- _ASSIGNMENT_
The lines to return are those from the line holding "提到美国对伊朗的潜在入侵，很" through the last line of the entries below, both included, written exactly and without pictures.
== MATERIAL PROVIDED ==
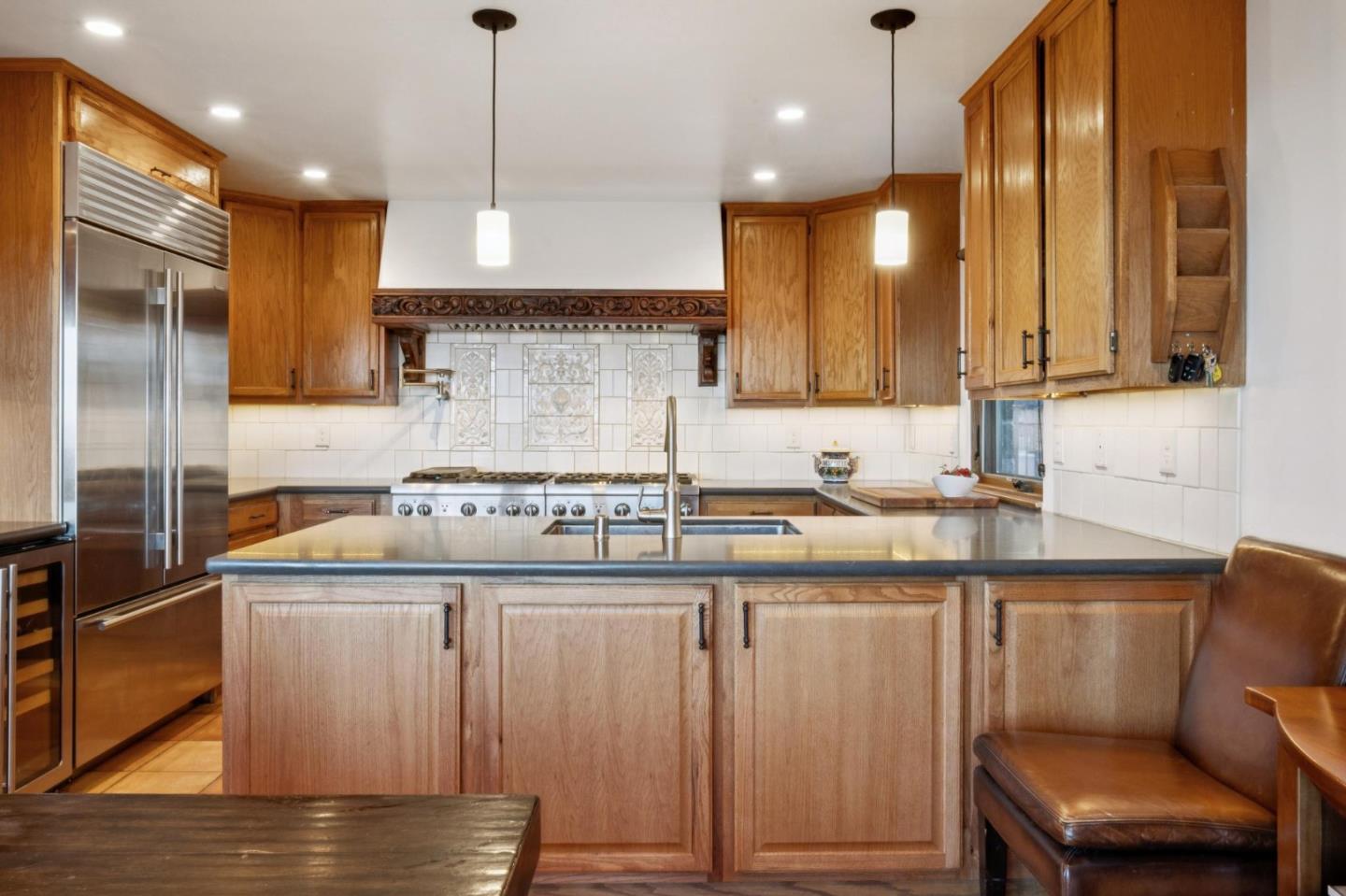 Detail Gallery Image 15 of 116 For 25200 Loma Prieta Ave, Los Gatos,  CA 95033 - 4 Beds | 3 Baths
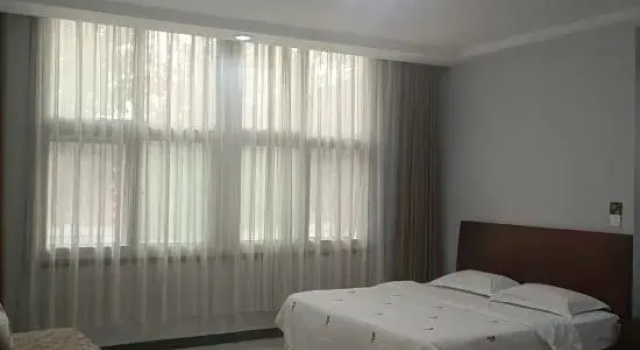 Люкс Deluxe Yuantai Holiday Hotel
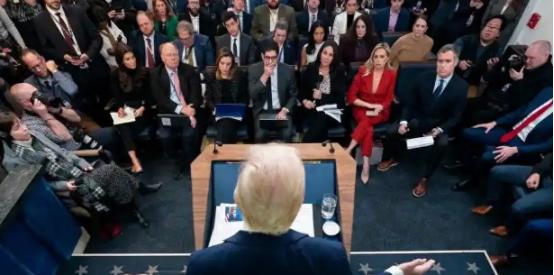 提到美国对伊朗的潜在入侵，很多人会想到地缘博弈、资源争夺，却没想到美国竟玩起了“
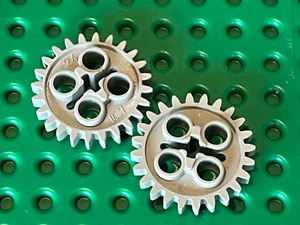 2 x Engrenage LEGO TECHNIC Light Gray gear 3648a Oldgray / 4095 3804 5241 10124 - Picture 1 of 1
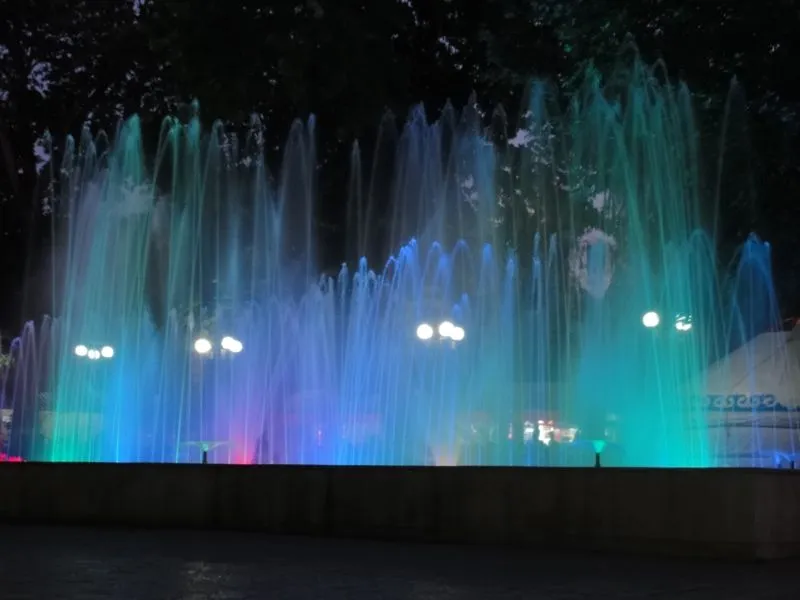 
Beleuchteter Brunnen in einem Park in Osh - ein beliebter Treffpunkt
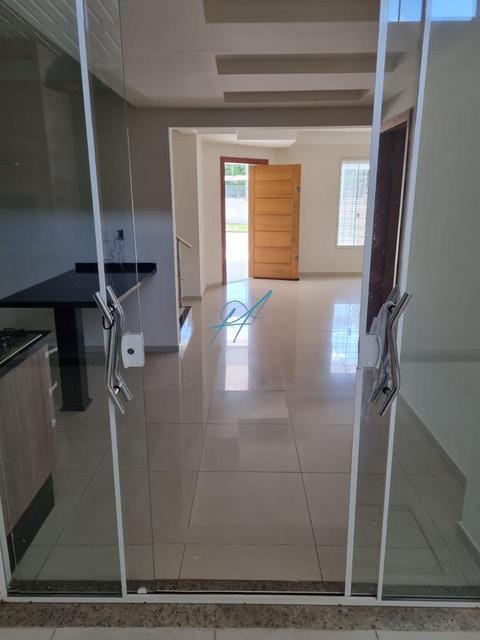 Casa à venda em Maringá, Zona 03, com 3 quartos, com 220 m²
===
- _TASK RESPONSE_
 提到美国对伊朗的潜在入侵，很多人会想到地缘博弈、资源争夺，却没想到美国竟玩起了“
 2 x Engrenage LEGO TECHNIC Light Gray gear 3648a Oldgray / 4095 3804 5241 10124 - Picture 1 of 1
Beleuchteter Brunnen in einem Park in Osh - ein beliebter Treffpunkt
 Casa à venda em Maringá, Zona 03, com 3 quartos, com 220 m²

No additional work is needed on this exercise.